A Conceptual Authorization Model for Web Services

  • Paul J. Leach ,
  • Chris Kaler ,
  • Blair Dillaway ,
  • Praerit Garg ,
  • Brian LaMacchia ,
  • Butler Lampson ,
  • John Manferdelli ,
  • ,
  • John Shewchuk ,
  • Dan Simon ,
  • Richard Ward

in Computer Systems: Theory, Technology, and Applications

Published by Springer | 2004

ISBN: 978-0-387-21821-2

This paper was written for a symposium in honor of Roger Needham, February 2003

DOI

This paper describes a conceptual authorization model for Web Services. It is an adaptation of those of Taos [Lamp92] and SDSI [Lamp96] with terms changed to correspond more closely to those introduced with the WS-Security model [WS02]. In contrast to the more formal and mathematical presentation used for Taos and SDSI, this presentation is conceptual and informal, which hopefully may provide more intuition for some readers; it also might provide an outline for the class hierarchy of an object-oriented implementation.
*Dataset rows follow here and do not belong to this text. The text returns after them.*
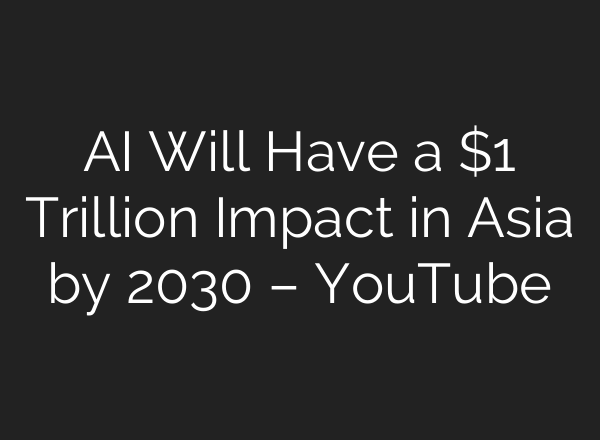 <b>AI</b> Will Have a $1 Trillion Impact in Asia by 2030 – YouTube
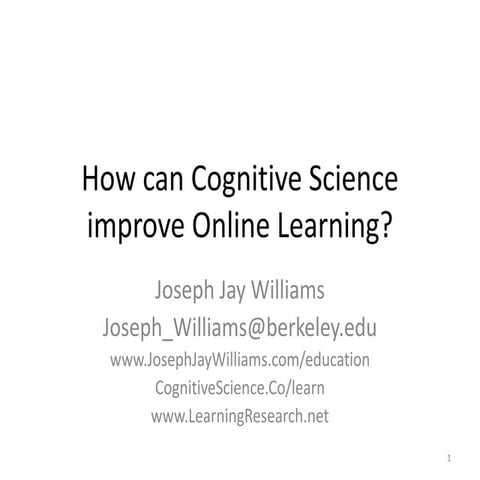 How can Cognitive Science improve Online Learning & Education?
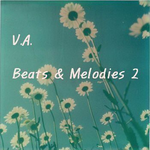 Beats & Melodies 2专辑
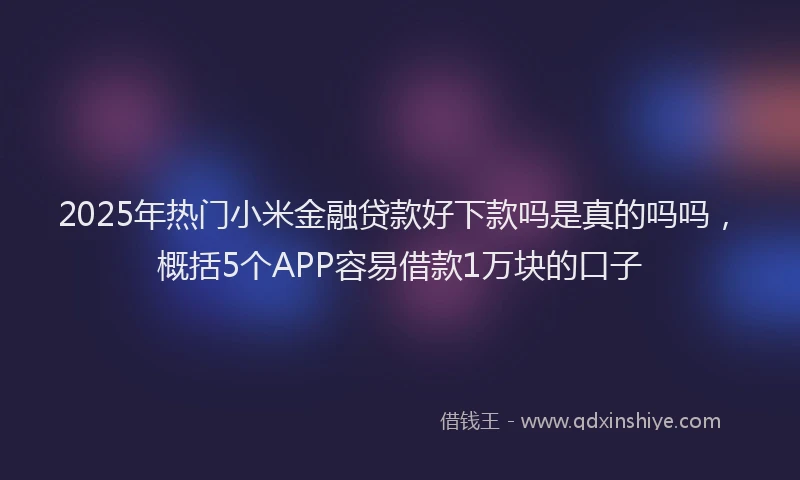 2025年热门小米金融贷款好下款吗是真的吗吗，概括5个APP容易借款1万块的口子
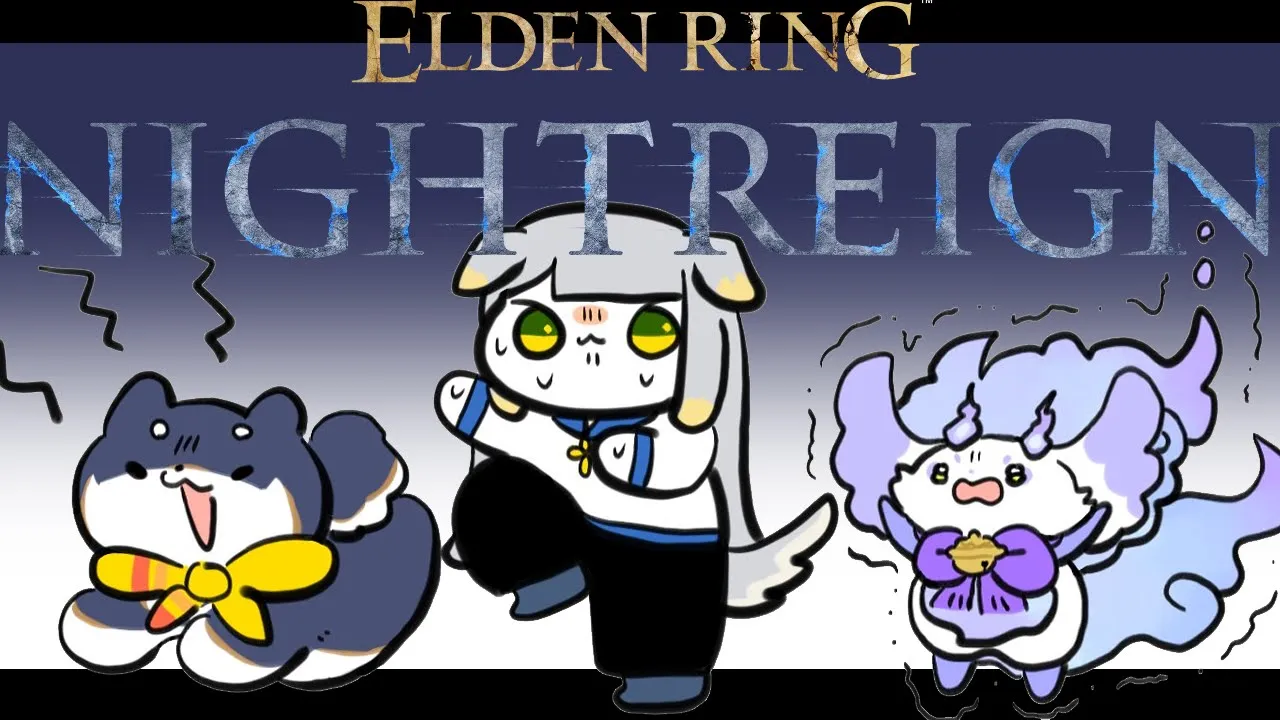 【ELDEN RING NIGHTREIGN】いぬいぬけもので夜を渡れ～【栞葉るり/ルンルン/黒井しば】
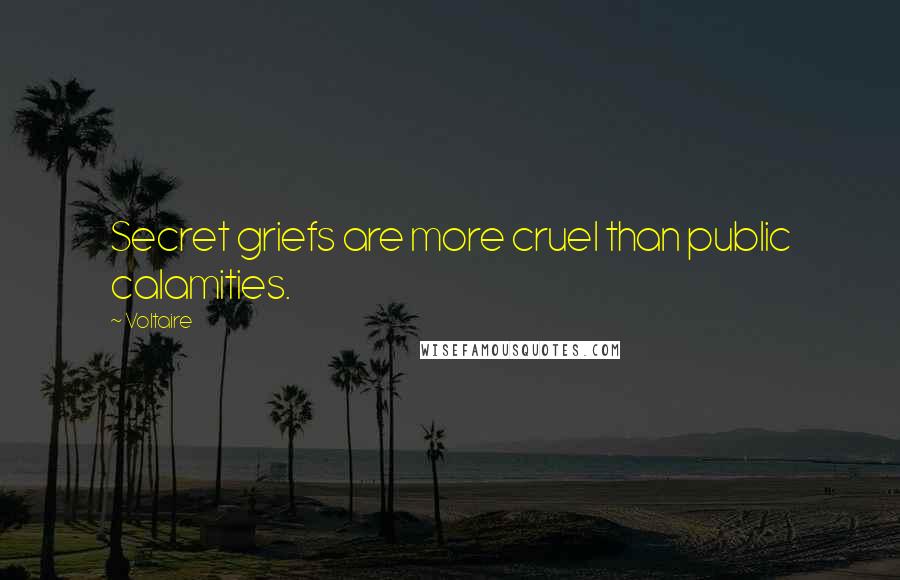 Voltaire Quotes: Secret griefs are more cruel than public calamities.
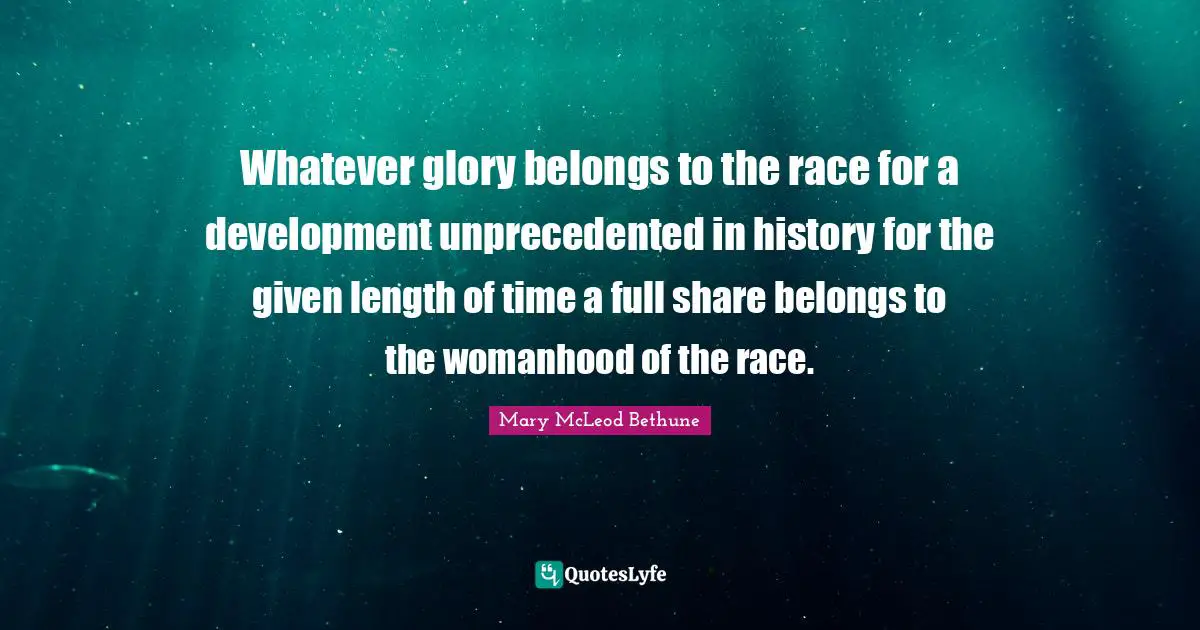Mary McLeod Bethune Quotes: "Whatever glory belongs to the race for a development unprecedented in history for the given length of time a full share belongs to the womanhood of the race."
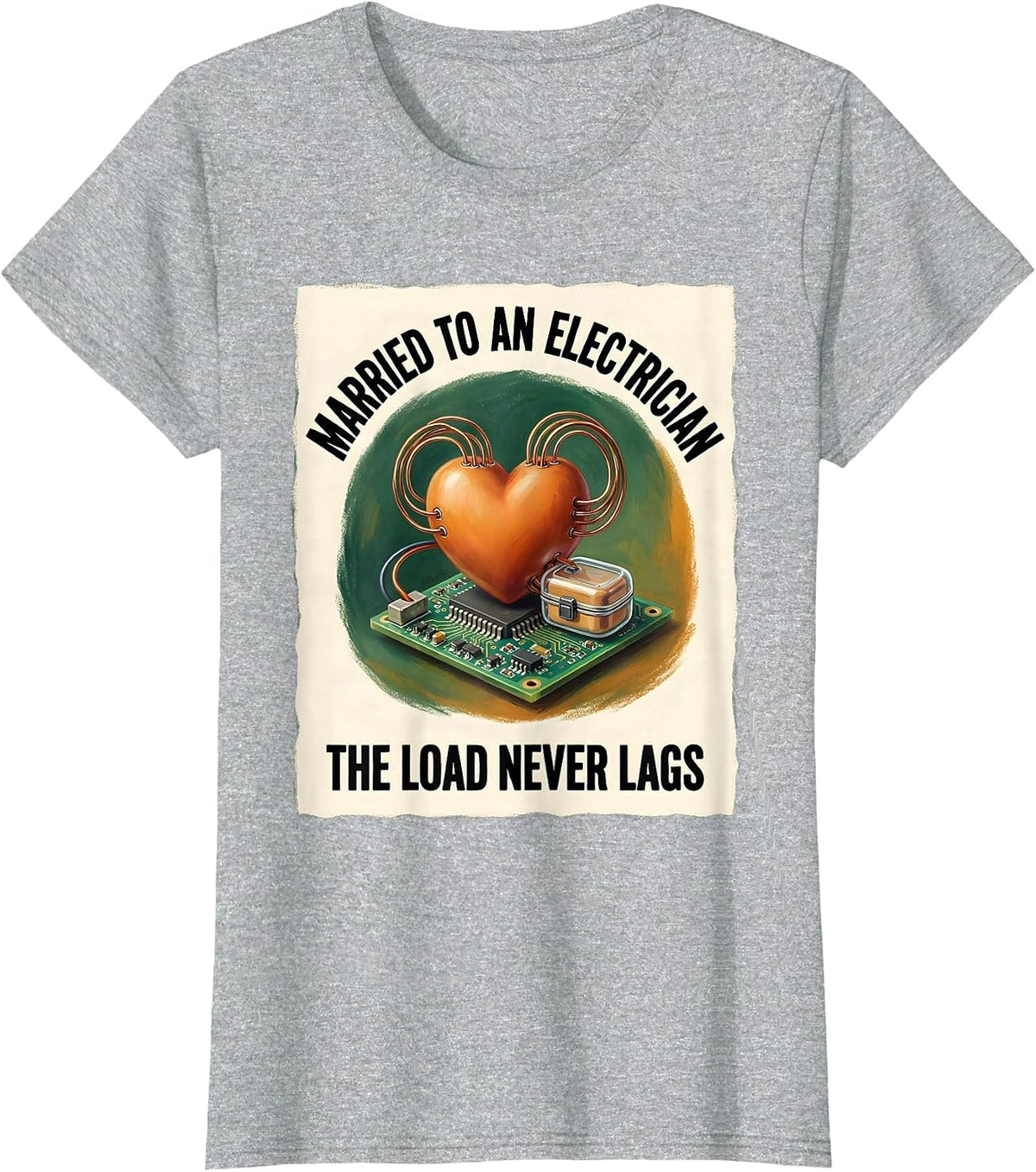 Married To An Electrician The Load Never Lags Funny Dad T-Shirt - Heather Grey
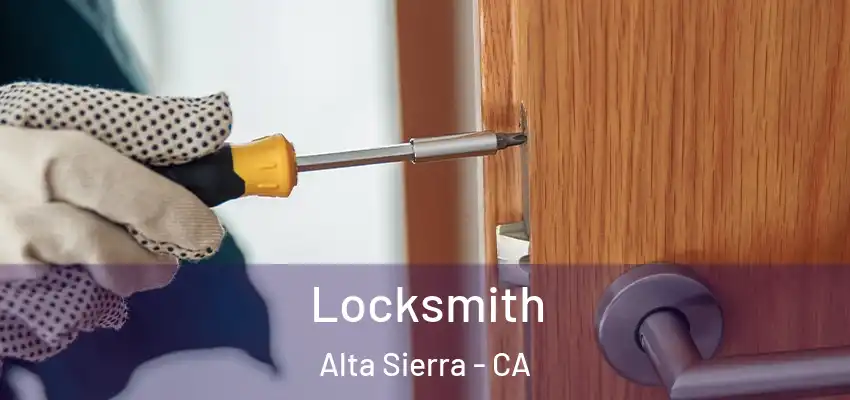 Locksmith Alta Sierra - CA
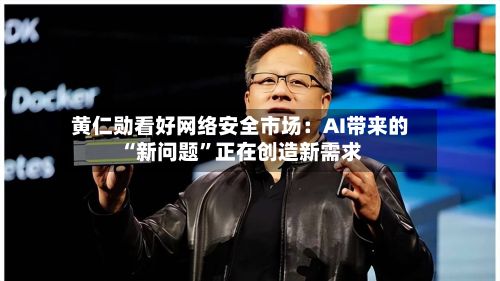 黄仁勋看好网络安全市场：AI带来的“新问题”正在创造新需求-第3张图片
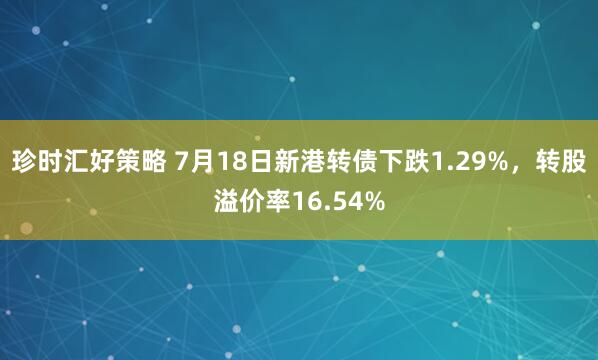珍时汇好策略 7月18日新港转债下跌1.29%，转股溢价率16.54%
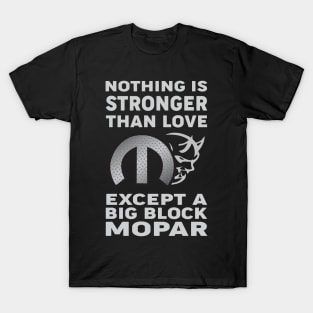 Nothing is stronger T-Shirt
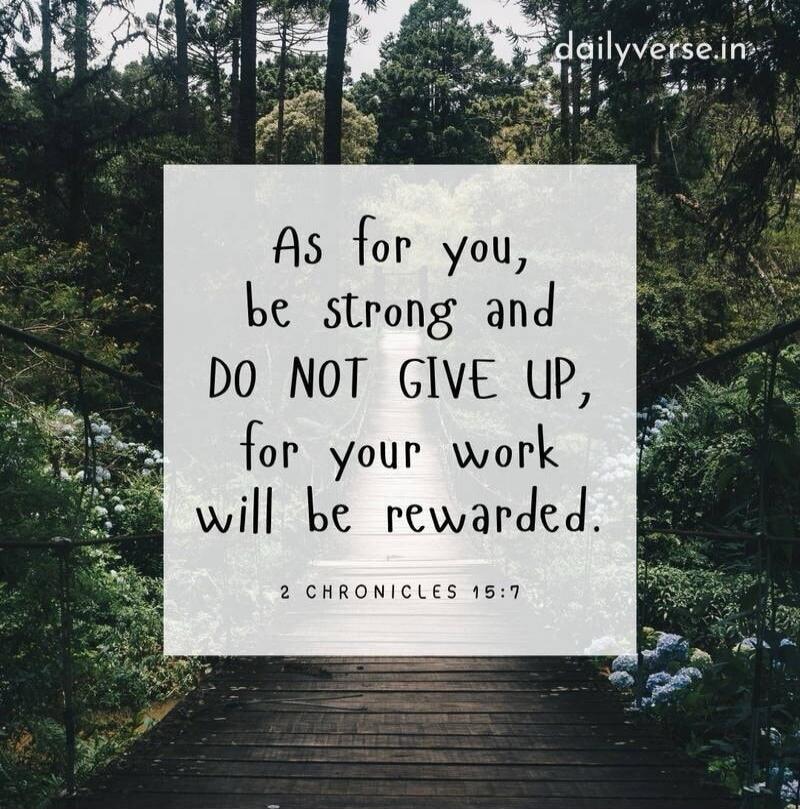 As for you, be strong and DO NOT GIVE UP, for your work will be rewarded. 2 CHRONICLES 15:7 dailyverse.in
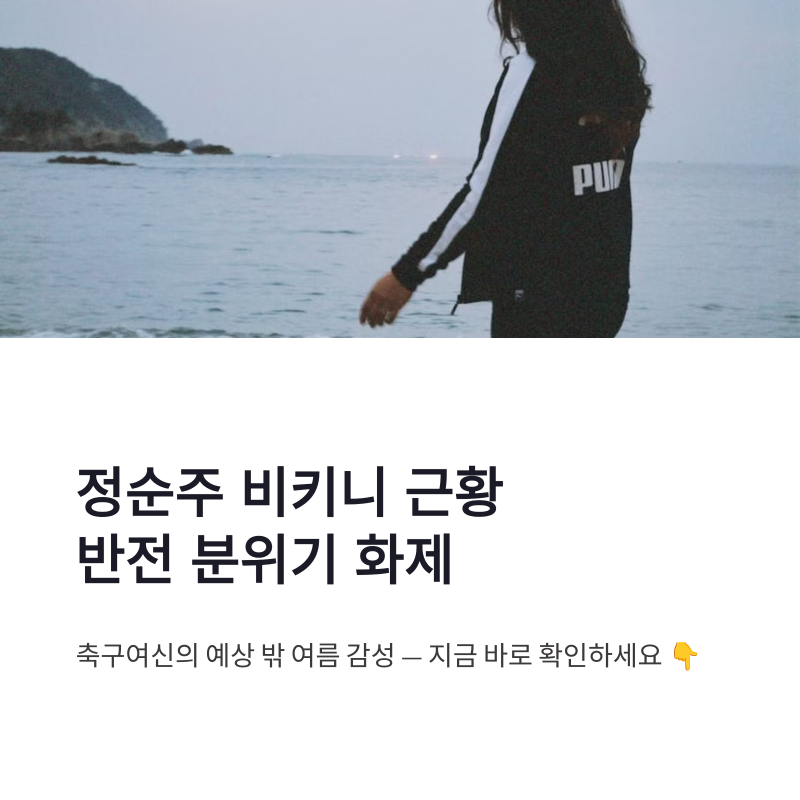 정순주 비키니 근황, 축구여신 반전 분위기 화제된 이유
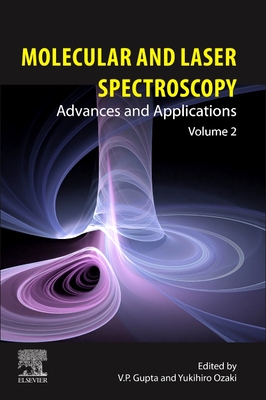 Molecular and Laser Spectroscopy: Advances and Applications: Volume 2 - Gupta, V P (Editor), and Ozaki, Yukihiro (Editor)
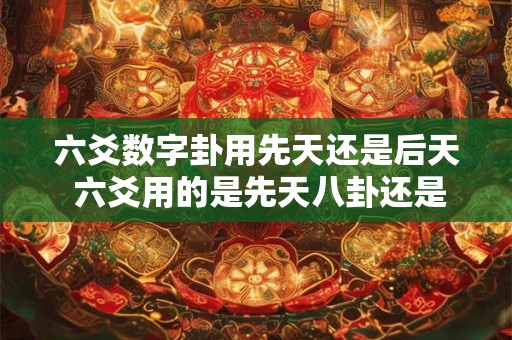 六爻数字卦用先天还是后天 六爻用的是先天八卦还是后天八卦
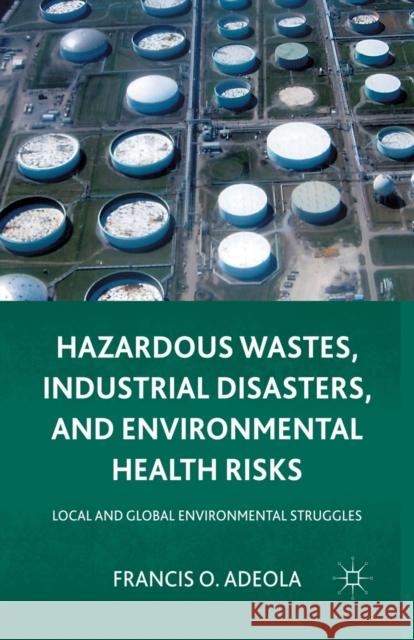 Hazardous Wastes, Industrial Disasters, and Environmental Health Risks: Local and Global Environmental Struggles Francis Olajide Adeola F. Adeola 9781349298211 Palgrave MacMillan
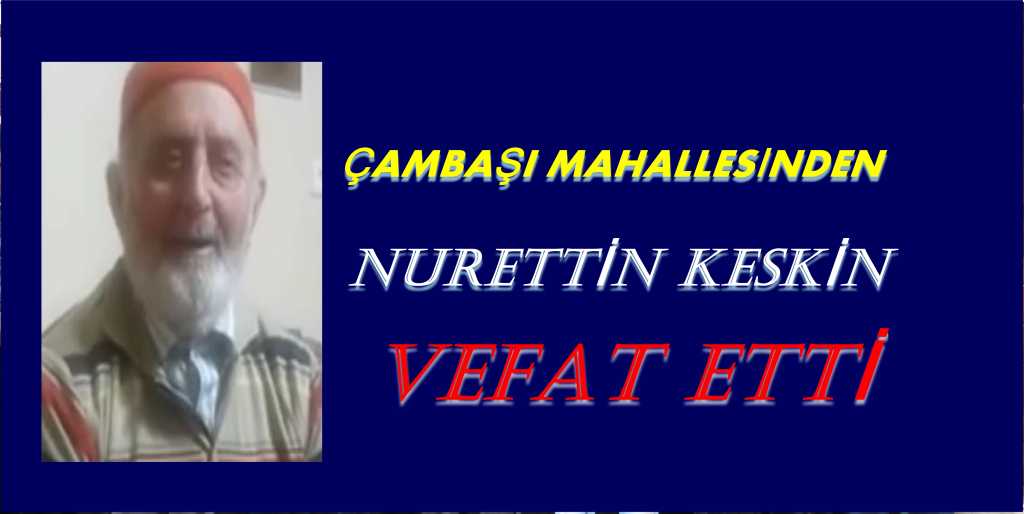 Nurettin Keskin vefat etti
In addition, this model abstracts away from issues of distribution and network security such as authentication [Need78] and encryption (for example, by assuming that messages include the unforgeable identity of the sender and are private and tamperproof) so as to focus on authorization, but it does deal with the extensibility and composability of security services, and partial trust. It also abstracts away from issues of syntax and encoding (for example, ASN.1, proprietary binary formats, and XML) and focuses on semantics.